Now imagine if Lubitsch released Trouble in Paradise in 1935 under Production Code regulation. “Different” hardly describes the resulting hypothetical product. Of course, M. Filiba would still recognize Gaston Monescu straightaway, while the justly moral Madame Colet would begrudgingly concede that the police take her budding lover to jail. No doubt Gaston would be imprisoned for his robberies, and Lily too for her part in the con. Perhaps this version would end with our couple jailed in side-by-side cells, exchanging flowering dialogue through prison bars, versus driving away fancifully in their getaway car. Fortunately, the film was released at the height of Lubitsch’s artistic prowess, allowing Lubitsch’s half-nefarious, half-endearing characters to remain, in their humanness and, curiously, in their exaggerated but affable flaws, free. Of all Lubitsch pictures, this one best explores the direct theme of romance that stands as a symbol for sexual freedom; he was careful to separate these concepts of romance and sex, with one being a nod to the other in the cleverest of ways.
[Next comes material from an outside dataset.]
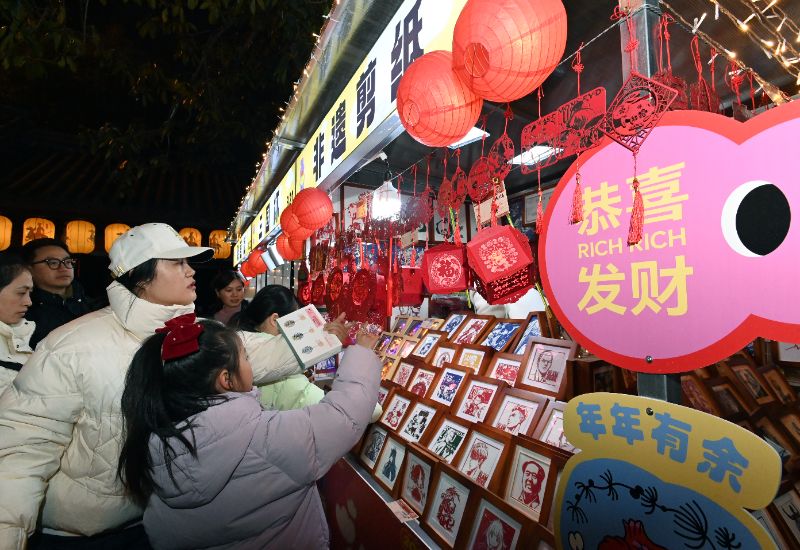 觀眾游園。成都武侯祠博物館供圖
In a Lubitsch film, what might be considered brutal honesty translates into endearing candor. When Lily tells Colet that her mother is dead, Mariette replies, “That’s the trouble with mothers. First, you get to like them. Then they die.” On the one hand, she jokes about her mother’s death, but then she refuses to cut her workers’ salaries (another important sense of her character to Depression-era audiences). No one apologizes for their feelings in an Ernst Lubitsch film. In this romanticized Paradise, Gaston never has to deny his feelings for Colet to Lily, nor does Colet deny her intentions toward Gaston. Everyone participates in The Game of Sex, and all parties are well aware of the rules before the whistle blows and the game begins. For its honesty and unrestrained frankness about relationships and sex, Trouble in Paradise is a delightful screen fantasy, and a rare one in which men and women can give and receive “love”—elements of an adult, sophisticated view toward romance and a key characteristic of “The Lubitsch Touch.”


Eyman, Scott. Ernst Lubitsch: Laughter in Paradise. New York: Simon & Schuster, c1993.